Anders sehe es bei den Ärzten in den Tötungsanstalten aus. Da ergebe sich ein eher differenziertes Bild. Einigen Medizinern habe man den Prozess gemacht und sie zu Haftstrafen verurteilt, andere seien freigesprochen worden. Der Vollständigkeit halber müsse aber erwähnen, so Jakat, dass es gleich nach dem Krieg und vor Gründung der Bundesrepublik einen Prozess gegen Euthanasie-Ärzte gegeben habe.

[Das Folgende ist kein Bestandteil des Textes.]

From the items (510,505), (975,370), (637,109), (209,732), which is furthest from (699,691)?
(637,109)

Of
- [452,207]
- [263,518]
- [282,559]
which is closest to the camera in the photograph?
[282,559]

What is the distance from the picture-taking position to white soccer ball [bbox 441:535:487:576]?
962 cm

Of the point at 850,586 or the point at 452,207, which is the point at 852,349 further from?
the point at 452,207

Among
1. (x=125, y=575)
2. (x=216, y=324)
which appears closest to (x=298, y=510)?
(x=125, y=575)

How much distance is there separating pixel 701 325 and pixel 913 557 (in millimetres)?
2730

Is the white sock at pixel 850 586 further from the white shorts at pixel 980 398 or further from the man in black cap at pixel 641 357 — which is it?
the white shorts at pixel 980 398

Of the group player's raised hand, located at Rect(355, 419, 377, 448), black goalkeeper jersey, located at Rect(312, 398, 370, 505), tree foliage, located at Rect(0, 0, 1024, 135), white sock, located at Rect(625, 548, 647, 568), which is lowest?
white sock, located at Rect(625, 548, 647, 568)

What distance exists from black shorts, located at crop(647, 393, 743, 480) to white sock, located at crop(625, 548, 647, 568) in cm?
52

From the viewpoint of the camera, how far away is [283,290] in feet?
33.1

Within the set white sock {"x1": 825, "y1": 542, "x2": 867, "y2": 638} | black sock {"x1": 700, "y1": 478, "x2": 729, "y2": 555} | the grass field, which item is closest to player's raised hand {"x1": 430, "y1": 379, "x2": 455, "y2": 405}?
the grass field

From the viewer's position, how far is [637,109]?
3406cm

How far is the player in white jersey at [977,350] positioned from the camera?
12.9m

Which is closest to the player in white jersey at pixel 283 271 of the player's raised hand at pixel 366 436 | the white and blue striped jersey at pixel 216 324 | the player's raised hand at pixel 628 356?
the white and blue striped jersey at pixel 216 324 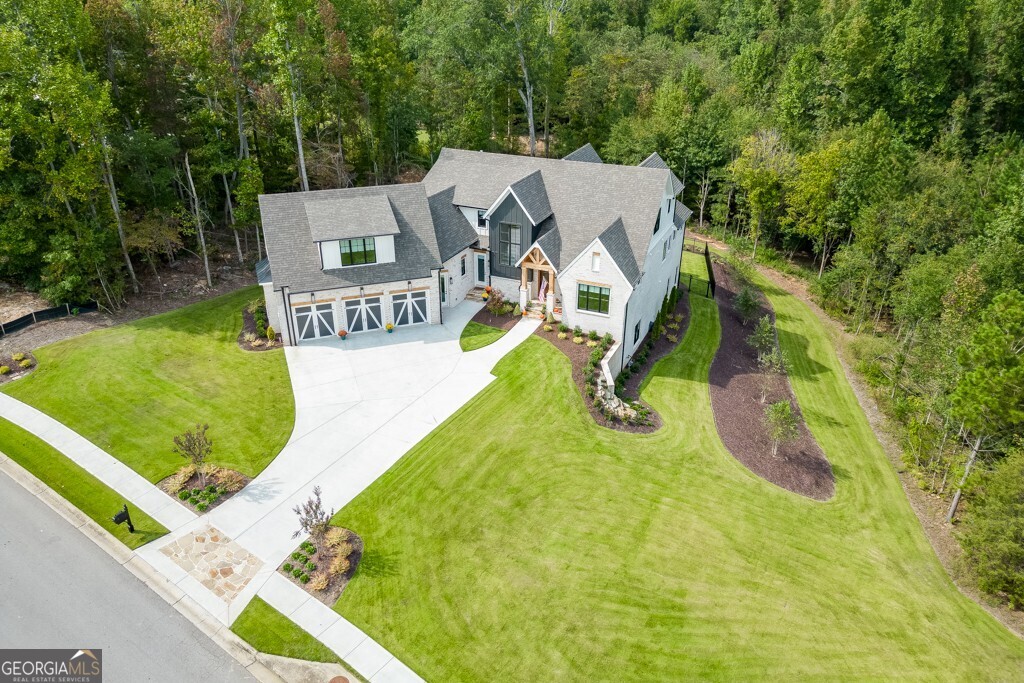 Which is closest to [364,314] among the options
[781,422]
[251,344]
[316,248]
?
[316,248]

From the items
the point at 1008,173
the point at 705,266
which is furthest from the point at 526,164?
the point at 1008,173

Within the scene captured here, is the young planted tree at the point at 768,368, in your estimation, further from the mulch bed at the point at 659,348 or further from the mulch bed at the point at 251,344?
the mulch bed at the point at 251,344

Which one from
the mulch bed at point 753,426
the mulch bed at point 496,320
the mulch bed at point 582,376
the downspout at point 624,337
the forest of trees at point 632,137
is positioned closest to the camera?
the mulch bed at point 753,426

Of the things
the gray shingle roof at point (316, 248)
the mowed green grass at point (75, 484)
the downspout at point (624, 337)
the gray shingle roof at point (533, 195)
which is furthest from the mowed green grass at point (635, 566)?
the gray shingle roof at point (533, 195)

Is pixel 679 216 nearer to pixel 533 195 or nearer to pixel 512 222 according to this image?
pixel 533 195

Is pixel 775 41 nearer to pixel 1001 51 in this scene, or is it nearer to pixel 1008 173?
pixel 1001 51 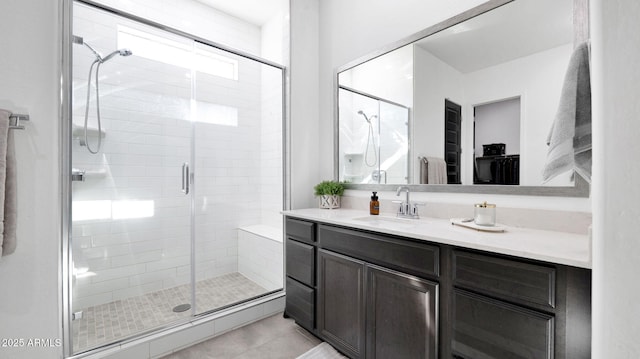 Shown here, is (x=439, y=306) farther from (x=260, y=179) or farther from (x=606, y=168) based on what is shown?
(x=260, y=179)

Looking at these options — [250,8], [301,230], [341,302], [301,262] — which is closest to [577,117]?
[341,302]

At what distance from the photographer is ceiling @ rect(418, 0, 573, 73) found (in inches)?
50.0

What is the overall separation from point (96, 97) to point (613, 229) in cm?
277

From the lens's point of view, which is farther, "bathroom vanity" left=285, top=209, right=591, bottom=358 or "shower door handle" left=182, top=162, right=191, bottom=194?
"shower door handle" left=182, top=162, right=191, bottom=194

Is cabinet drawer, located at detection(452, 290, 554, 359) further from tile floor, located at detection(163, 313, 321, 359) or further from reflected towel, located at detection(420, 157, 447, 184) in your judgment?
tile floor, located at detection(163, 313, 321, 359)

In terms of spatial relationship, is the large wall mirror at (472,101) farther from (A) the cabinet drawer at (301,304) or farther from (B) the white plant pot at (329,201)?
(A) the cabinet drawer at (301,304)

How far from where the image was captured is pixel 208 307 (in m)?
2.09

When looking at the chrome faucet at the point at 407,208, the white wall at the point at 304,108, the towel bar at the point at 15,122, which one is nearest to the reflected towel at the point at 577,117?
the chrome faucet at the point at 407,208

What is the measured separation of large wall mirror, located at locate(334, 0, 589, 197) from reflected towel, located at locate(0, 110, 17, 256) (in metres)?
2.12

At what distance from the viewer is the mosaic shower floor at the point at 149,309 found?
64.9 inches

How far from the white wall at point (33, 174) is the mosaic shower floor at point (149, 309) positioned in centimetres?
28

Damals seien auch Todesurteile vollstreckt worden.
Leidenswege waren nur mit großer Mühe zurückzuverfolgen
Bei seinen Angaben beruft sich Udo Jakat auf umfangreiche Untersuchungen des Landschaftsverbandes Westfalen-Lippe. „Denn der LWL ist die Nachfolgeorganisation des Westfälischen Provinzialverbandes, der die staatlichen Einrichtungen für behinderte Menschen während der Nazi-Zeit betrieb“. Die Hürden, die der Verband bei seinen Recherchen überwunden musste, belegten, wie sehr die Nazis alles darangesetzt hätten, ihr mörderisches Vorgehen zu verschleiern. So sei es dem Verband nur mit sehr vielen Mühen gelungen, die Leidenswege der Opfer zurückzuverfolgen. Die jeweiligen Familien hätten mitunter erst Wochen später die Nachricht vom Tod des Angehörigen erhalten. Als Todesursache seien Krankheiten wie Tuberkulose oder Lungenentzündung angegeben worden. Zudem hieß es, dass der Leichnam bereits beigesetzt oder verbrannt sei.
Seine umfangreichen Ergebnisse hat Udo Jakat inzwischen auch einer Vielzahl von Angehörigen vorgestellt. In den Gesprächen stieß er aber häufiger auf eine Mauer des Schweigens, „als wolle man das Schicksal vergessen machen“. Es gebe auch Familien, die keinesfalls eine öffentliche Namensnennung zuließen. Das Argument: Man wisse nicht, was der Angehörige wirklich getan habe. Solche Reaktionen rufen bei dem Herner Kopfschütteln hervor. Er möchte die Erinnerung an die Opfer wachhalten.